Loving Hurts
S5:E6

Loving Hurts

Having purified your souls by your obedience to the truth for a sincere brotherly love, love one another earnestly from a pure heart,

‭‭1 Peter‬ ‭1‬:‭22

I didn’t care much for others for quite some time. I don’t mean that I was overtly mean or inappropriate. I was just pretty bitter, and I allowed that to seep out in my thoughts of and toward people.

My own misgivings about my own circumstances informed my own perception of you. It was easy to attach anger to my every thought when I coerced it into pieces of apathy, remorse and sarcasm.

There was a woman in my home group who used to always say that, “you don’t have to like everyone in AA, but you do have to love them.”

I vacillated between resenting the remark and respecting the position for years. Initially it did seem like a profound statement that was locked into placing spiritual principles before personalities. Then, I would think it’s just a dumb cop-out for those who were too passive to have a thought, much less an opinion about things.

As I look back with more time and experiences, I’m sure she was on the right track.

We are called to lay aside our mortal judgements of others.

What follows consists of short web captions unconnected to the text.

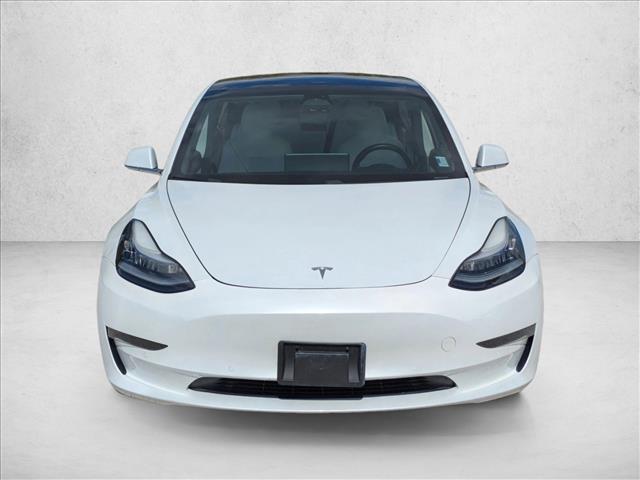 Used 2020 Tesla Model 3 Base with VIN 5YJ3E1EA7LF793423 for sale in Bradenton, FL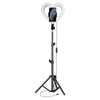 Supersonic PRO Live Stream 10” Heart Shaped Selfie Ring Light (SC-2310SRH)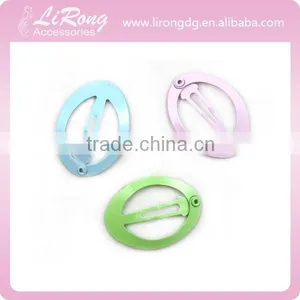New Design Painted Hair Clip thumbnail-1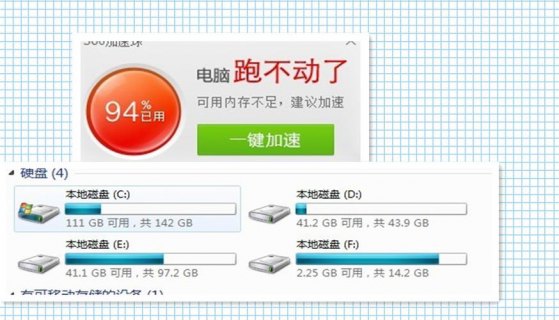 旧笔记本提速-图2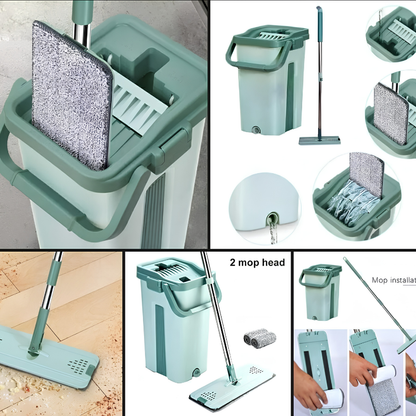 Smart Cleaning Mop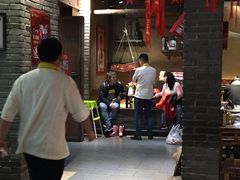 -满园烤鸭·春饼(太原街万达店)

Removal of my opinion of you and how you live works wonders on my heart and my thought life.

Too often when I focus in on others it’s merely to critique what I either don’t understand or don’t believe. This is not the way. Empathy must become a part of my life. I need its help in navigating relationships as much as I need food and water.

If I’m to live happily, it will be with and around others. And if I’m to do this sincerely and with the hope of doing it permanently, I must rid myself of the attitude of holier than thou which threatens any relationship I may hope to cultivate.

Judgement is not up to me. But love is. I can control my attitude. And with his help I can position myself to love those around me well.

God, help me carry your love in my life.